Integration with Syndarix Agents

Agent Context Retrieval

# app/services/agent/context.py
class AgentContextBuilder:
    """Builds context for agent prompts using RAG."""

    def __init__(self, kb_service: KnowledgeBaseService):
        self.kb = kb_service

    async def build_context(
        self,
        agent_id: str,
        project_id: str,
        task_description: str,
        max_context_tokens: int = 4000,
    ) -> str:
        """
        Build relevant context for an agent task.

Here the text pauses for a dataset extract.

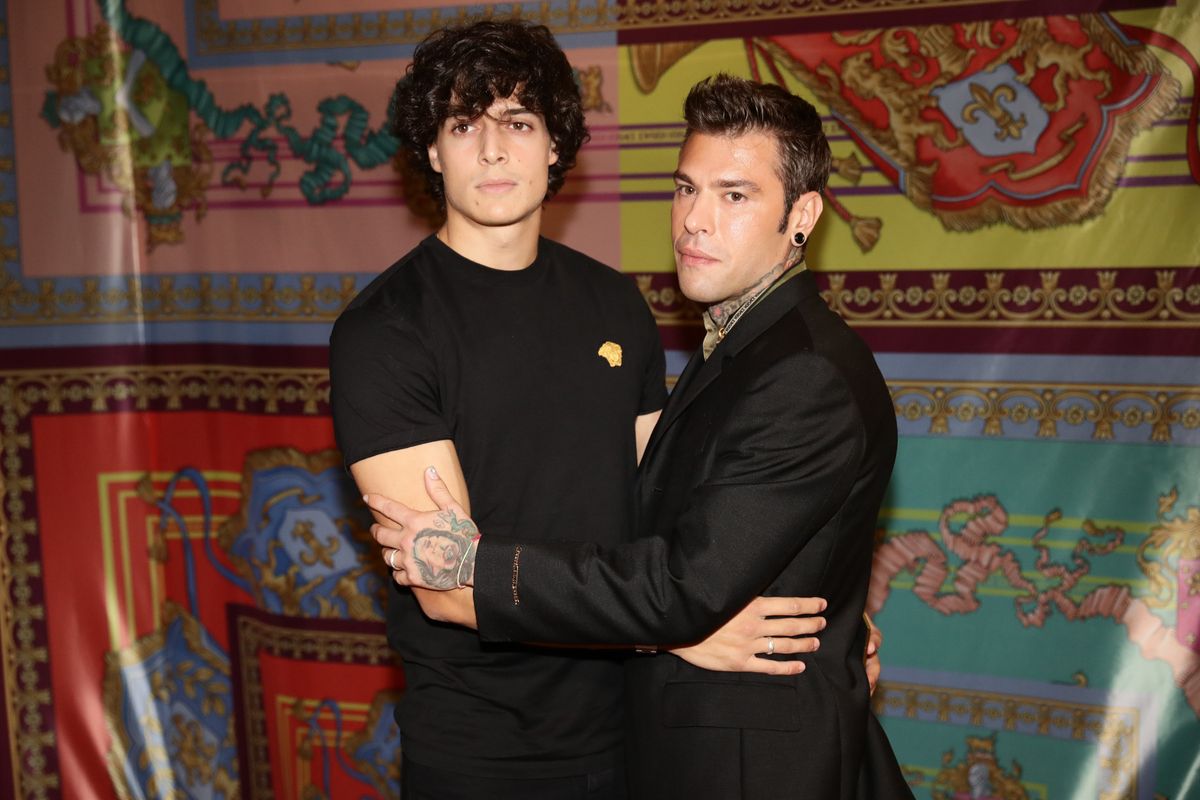 Dopo il socio, lo dice pure un giudice. Fedez si gioca il controllo del podcast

        Returns formatted context string for inclusion in prompt.
        """
        # Search for relevant knowledge
        results = await self.kb.search(
            project_id=project_id,
            query=task_description,
            agent_id=agent_id,  # Prefer agent-specific knowledge
            limit=10,
            semantic_weight=0.7,
        )

        # Format context
        context_parts = []
        current_tokens = 0

        for result in results:
            chunk_tokens = self._count_tokens(result.content)
            if current_tokens + chunk_tokens > max_context_tokens:
                break

            context_parts.append(f"""
### Source: {result.source_uri or 'Unknown'}
{result.content}
""")
            current_tokens += chunk_tokens

        if not context_parts:
            return ""

        return f"""
## Relevant Context

The following information was retrieved from the project knowledge base:

{"".join(context_parts)}

---
"""

    def _count_tokens(self, text: str) -> int:
        """Approximate token count."""
        return len(text) // 4  # Rough estimate

MCP Tool for Knowledge Access

# app/mcp/tools/knowledge.py
from mcp import Tool, ToolResult

class KnowledgeSearchTool(Tool):
    """MCP tool for agents to search project knowledge."""

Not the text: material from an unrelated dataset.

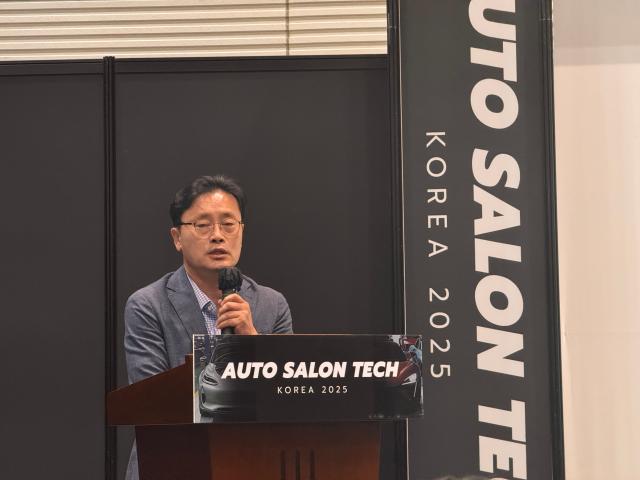 지난 19일 경기 고양 킨텍스에서 열린 대한민국 모빌리티산업 심포지엄에서 하성용 한국자동차모빌리티안전학회 회장이 발표하고 있다 사진이성진 기자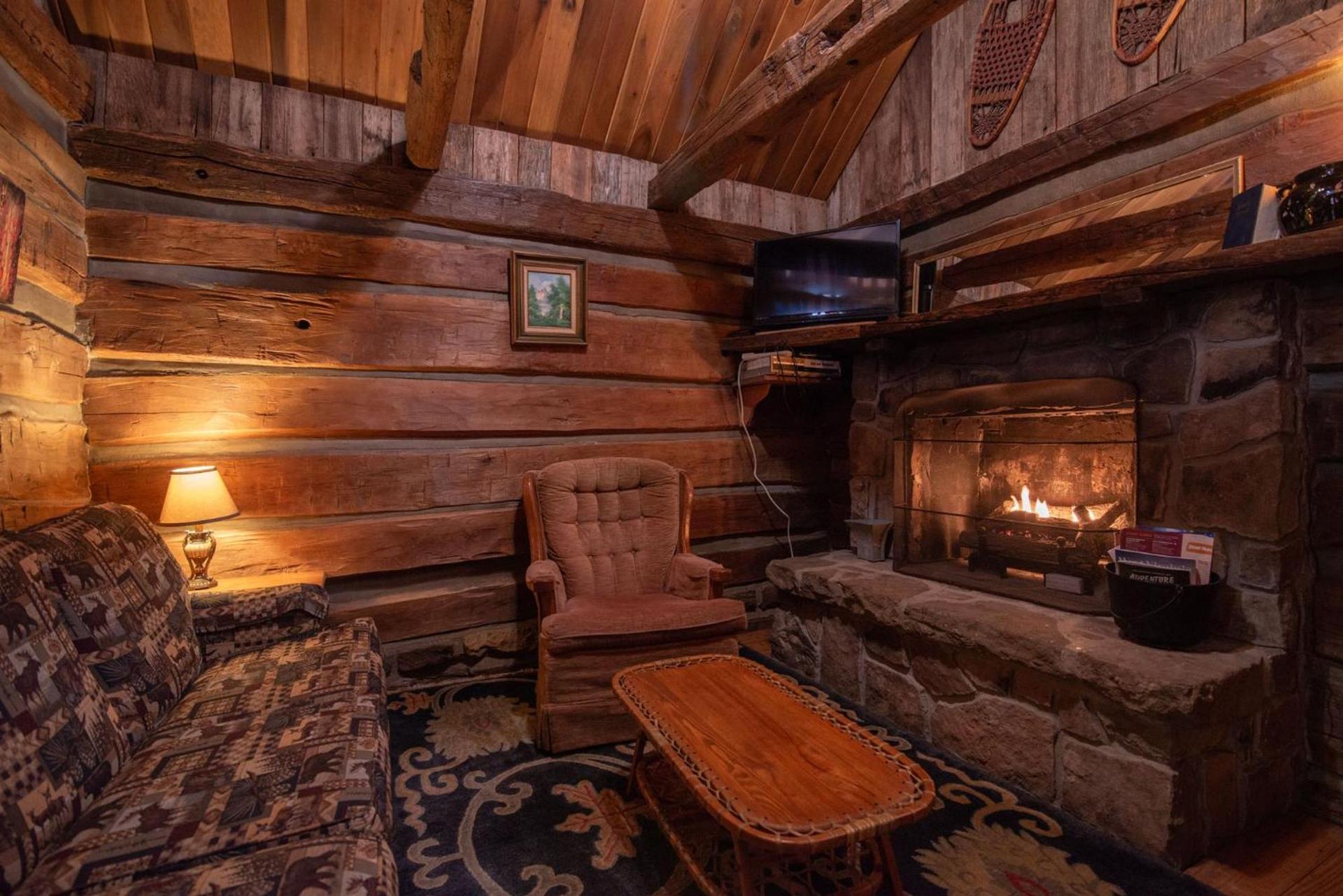 Moore House Inn & Cabins photo 7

    name = "search_knowledge"
    description = "Search the project knowledge base for relevant information"

    parameters = {
        "type": "object",
        "properties": {
            "project_id": {
                "type": "string",
                "description": "The project ID to search within"
            },
            "query": {
                "type": "string",
                "description": "Natural language search query"
            },
            "content_types": {
                "type": "array",
                "items": {"type": "string"},
                "description": "Filter by content types (code, markdown, pdf)"
            },
            "limit": {
                "type": "integer",
                "default": 5,
                "description": "Maximum results to return"
            }
        },
        "required": ["project_id", "query"]
    }

    async def execute(self, **params) -> ToolResult:
        results = await self.kb_service.search(
            project_id=params["project_id"],
            query=params["query"],
            content_types=params.get("content_types"),
            limit=params.get("limit", 5),
        )

        return ToolResult(
            content=[
                {
                    "source": r.source_uri,
                    "content": r.content[:500] + "..." if len(r.content) > 500 else r.content,
                    "relevance_score": r.score,
                }
                for r in results
            ]
        )

References

Vector Databases

Embedding Models

Chunking & RAG

Multi-Tenant RAG

pgvector


Decision

Adopt pgvector with hybrid search as the knowledge base solution for Syndarix RAG:

  1. pgvector for vector storage and similarity search
  2. PostgreSQL full-text search (tsvector) for keyword matching
  3. Reciprocal Rank Fusion (RRF) for combining results
  4. LiteLLM for unified embedding API
  5. Content-type-aware chunking with AST parsing for code
  6. Shared table with tenant isolation via project_id/agent_id

Migration Path: If any project exceeds 10M vectors or requires sub-10ms latency, evaluate Qdrant as a dedicated vector store while keeping metadata in PostgreSQL.


Spike completed. Findings will inform ADR-006: Knowledge Base Architecture.